The Board of Education will discuss a blistering, 740-page state report on the Berkeley schools Wednesday night.
The report, prepared by the state’s Fiscal Crisis & Management Assistance Team (FCMAT) found shortcomings with everything from school safety, to payroll administration to the district’s special education program.
Problems range from uncertified fire extinguishers, to payroll failures to a lack of adequate teacher training on special education.
“For a community that prides itself on inclusion and diversity and calls itself progressive, it’s hard even to come up with a scathing enough adjective for Berkeley’s public school record on students with disabilities,” said Julia Epstein, communications director for the Berkeley-based Disability Rights Education and Defense Fund, in a statement last week.

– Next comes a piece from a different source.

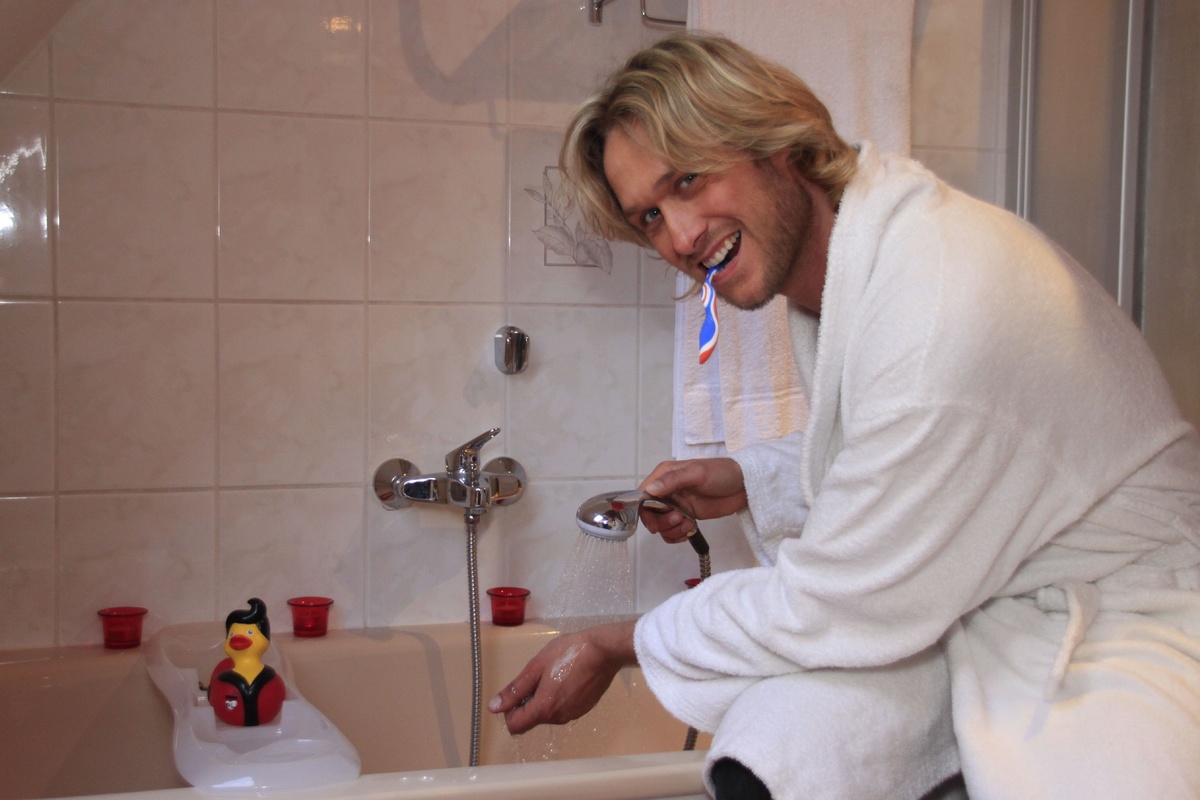 A man kneels near his running bathtub while brushing his teeth.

The FCMAT study was funded through a September 2002 bill, authored by former State Assemblywoman Dion Aroner (D-Berkeley), that forgave a $1.1 million fine the school district owed the state for filing late paperwork in 2000, and poured $700,000 of it into the FCMAT report. The bill requires the district to spend the remaining $460,000 to implement the study’s recommendations over the next two years.
FCMAT’s study included findings in five areas: community relations, personnel management, pupil achievement, financial management and facilities management.
FCMAT began work with the district in October 2001, coming on board as a financial adviser one month after the Alameda County Office of Education disapproved Berkeley Unified’s faulty 2001-2002 budget.
A year later, Aroner’s bill gave FCMAT the broader responsibility of conducting the wide-ranging study it issued last month. FCMAT officials, who worked with four subcontractors to complete the report, will be on hand at the Wednesday night meeting to discuss their findings and expectations for change over the next two years.
The meeting begins at 7:30 p.m. at Old City Hall, 2134 Martin Luther King Jr. Way.